Lekarze nie byli tacy pewni tego, że trzeba coś z tym robić. Do końca nie wiedzieli, jak nazwać chorobę Michała. Na zaświadczeniach pojawiały się różne możliwe nazwy. Jednak to nie było ważne, nie o nazwę chodziło, tylko o to, żeby chorobę zatrzymać. - Pamiętam, że rodzice sami próbowali sugerować, że może jakaś operacja, może trzeba te tętnice poszerzyć. Lekarz bardzo się zdenerwował, cisnął długopisem o stół i powiedział: "Nic z tym nie można robić, bo będzie tylko gorzej. Taka jego uroda, trzeba się z tym nauczyć żyć."

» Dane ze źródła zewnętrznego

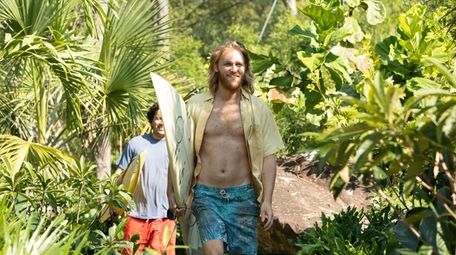 Wyatt Russell as Sean "Dud" Dudley in "Lodge
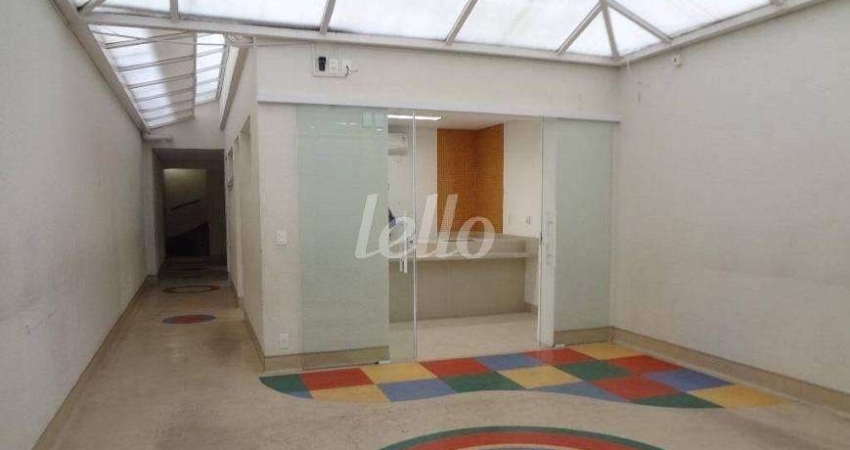 Casa comercial com 1 sala para alugar na Rua Atlântica, --, Jardim do Mar, São Bernardo do Campo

I Michał żył z chorobą aż do teraz, stosując się do zaleceń lekarza. Gdy przestał rosnąć, zauważył, że jedną stopę ma mniejszą niż drugą - jakieś półtora rozmiaru. Zaczęły się pojawiać bóle spoczynkowe, głównie w nocy. Zasypiał, po 15 minutach, pół godzinie, godzinie - budził go ból, jakby ktoś wrzątkiem polał mu nogę. Wstawał i chodził, żeby krew mogła spłynąć do niedokrwionej nogi, wtedy ból ustępował. Na taki ból nie pomagały żadne środki przeciwbólowe, nawet duże dawki. Bezsenność coraz bardziej dawała się we znaki. Nieprzespanych nocy Michał nie mógł odespać w dzień - ból powracał, a poza tym w tygodniu pracował. Gdy nie był w stanie skupić się na pracy z powodu wyczerpania - zrezygnował, zanim jego błąd spowodowany niewyspaniem doprowadziłby do jakiejś tragedii.
- Moja choroba jest zagadką dla chirurgów naczyniowych zarówno w Polsce, Hiszpanii, czy Niemczech, gdzie byłem gościem jako pacjent tamtejszych szpitali.- mówi Michał. - Perspektywa utraty nogi wisi cały czas nade mną. Poza tym w sierpniu 2013 r. na stopie pojawiła się otwarta rana martwicza, która nie goi się po dziś dzień i do tego sprawia mi ogromny ból. Zaczęło się od małego otarcia po wewnętrznej stronie stopy, dosłownie wielkości główki od szpilki. Potem rana zaczęła rosnąć, robiła się coraz większa i głębsza. Ból. Znowu. Boli nie tylko podczas leżenia, ale też chodzenia.
- Ja nie wiem, czy kiedykolwiek coś takiego widziałem - mówił lekarz z Łodzi, oglądając stopę Michała. Jednak potem dodał, że nie wszystko stracone, że nogę można uratować. Jeszcze można, ale wcale nie jest powiedziane, że zawsze będzie taka szansa. Dlatego trzeba się spieszyć. Plan jest całkiem prosty. W pierwszej kolejności zabieg sympatektomii lędźwiowej. Chirurg wytnie fragment nerwu współczulnego, który odpowiada za kurczenie naczyń krwionośnych. Ryzyko? Zawsze jest, jednak kilku innych lekarzy potwierdziło, że zabieg może pomóc uratować nogę. Po kilku tygodniach od zabiegu Michał otrzyma 30-dniową kroplówkę z leku, który ma na celu dokrwić kończynę i tym samym usunąć infekcję oraz zamknąć uporczywą i bolesną ranę.
Amputacja nogi od początku była przedstawiana jako jedna z metod leczenia. Nie trzeba by było walczyć, bo nie byłoby już o co. Michał jednak woli najpierw zrobić wszystko, żeby mieć nogę. Nie zna przyczyny swojej choroby, do tej pory nie spotkał się z lekarzem, który byłby w stanie mu to wyjaśnić. Przez lata lekarze mówili, że operacja wiąże sie z ryzykiem utraty nogi, jednak brak operacji wiąże się dokładnie z tym samym - amputacją w przyszłości. Michał ryzyko podejmie, nie jest w stanie dłużej tak żyć. Potrzebuje jednak naszego wsparcia. Możemy mu pomóc uwierzyć, że życie zaczyna się po 30-tce, że po udanym leczeniu będzie mógł zacząć wszystko od nowa - pracę, przespane noce pełne snów, a nie bólu i życie bez obaw o to, że któregoś dnia straci nogę.